Dream: A Ranger and NC-300/303. Reality after I got the General and wanted ALL the bands was a used Viking I with 122 VFO and HQ-129X. Couldnt kill that TX no matter what impossible antennas I used with just the amazing pi network Johnson used. A RME DB22A and VHF-152A. All used of course. I have replicated that station along with the QF-1, BC-453, PM-23 speaker. Dow Key relay replaced with a Johnson "electronic" T/R switch. Some no holes and reversible mods made to improve RX and TX. Made DXCC on CW, thanks to Cycle 19, before joining the USN in late 59 . I now have a Ranger and NC-300 and some other boatanchors for some AM fun and vintage SSB. Carl
Yeah, I see it, and this thread, as a reflection of a generational shift in ham radio (and all other things as well)... People who had a "Novice dream rig" represent my generation, we learned the ropes on cw, high voltage tube based analog circuits, HF bands, home-brew wire antennas, crystal controlled transmitters, etc. I spent many a night tearing down old broken TV chassis I got for free to build a parts inventory, and mowing lawns and shoveling snow for dough as did many others of my ilk. That's the broke teenage novice experience, and it was thrilling. We all learned to work cw because every ham had to learn it, and as novices, it's all we had. My "Elmers" (I never heard that term back then) were "old" WWII guys mostly, who taught me things like "keep one hand in your back pocket when you go poking around in there" and taught me how to make a chicken stick to discharge capacitors, and use a VTVM. Working with high voltage circuits was just part of ham radio. We were taught to respect it, but then get on with it. Things have changed with the times, and technology. I'm a dinosaur now, even though I don't feel like one... Everything is solid state, and that's fine. I am competent with basic transistor based circuitry... But we've gone way past that point as well. Now a lot of it is digital, and worse, SMD based, and we don't fix our stuff anymore because, well, the vast majority of us (myself included) can't. We can replace a board or a module, or a bad capacitor in a power supply, but that's about it. The new hams have a different experience, they are digital birds now.

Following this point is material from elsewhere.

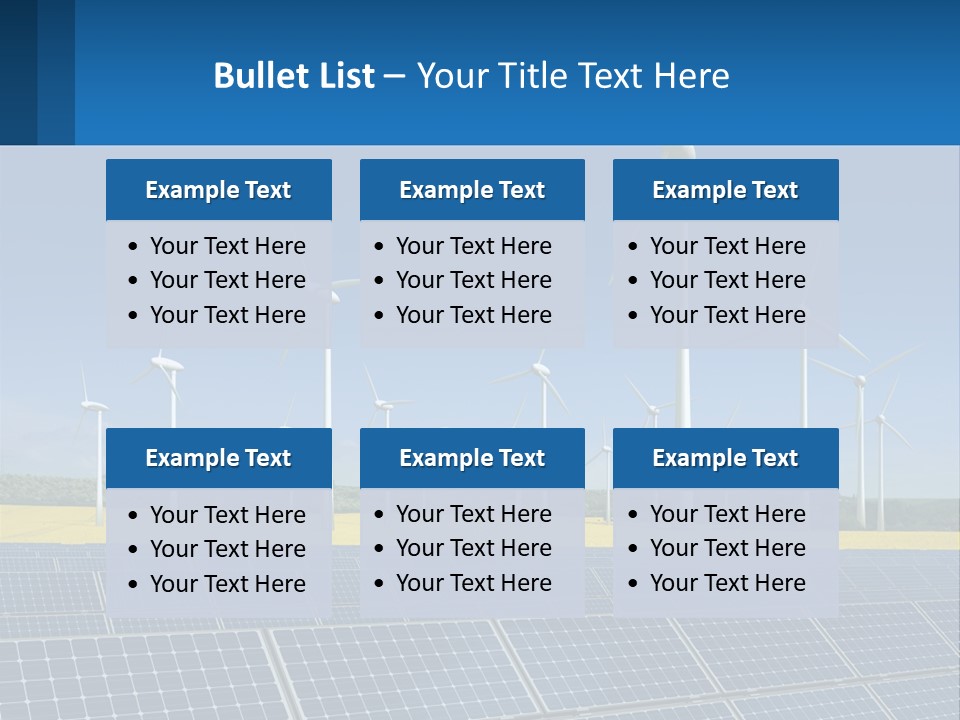 A Row Of Windmills With A Blue Sky In The Background PowerPoint Template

They know about firmware, and code plugs, and digital modes, and reflectors, and hotspots, and a little bit of, oh yeah, RF. They have a new term, "makers" for guys who actually build stuff from scratch like it's something that's old and quaint, and has only been recently "re-discovered" like alchemy.... It's ok, we all learn what we learn as we're coming up because it applies to the world we live in, and the world around us. I get it. I do wonder, however what the new "novices" (technicians now, and probably older than we were) picture as their "dream rig" and what they think it would do for them in their version of ham life... because I really don't know. Cheers, Gordo ..
I had the Meissener equivalent, the 2-CW Amusing story behind it. Earlier, just before I got my Novice, I had built a 6AG7 transmitter on a wooden base made form an old orange crate. It looked pretty crude and would give a nice "tingle" if the wrong parts wre touched, so Dad figured I needed a better transmitter. For Christmas he bought the 2-CW on advice from my uncle, who had been in the Army Signal Corps during WW2 and thus knew everything there was to know about radio. The 2-CW chirped like a cricket on dope, so I rebuilt it using the 6AG7, which solved the chirp problem. Before I got my Novice, he had given me an S-38B for Christmas, again on the advice from my uncle. It was a great SWL receiver, but my regen receiver was more sensitive and selective. The 'ginny tended to drift a lot, so I got a BC-455 Command set, which was very stable but had an IF bandpass you could drive a team of Clydesdales through. After I passed the General, I bought a used NC-98, a Heathkit VFO, and built a transmitter from the Handbook with a 6146 in the final modulated by a pair of 807s. The power supply was made with salvaged parts and had a pair of 866 Mercury vapor rectifiers. I was in hog heaven.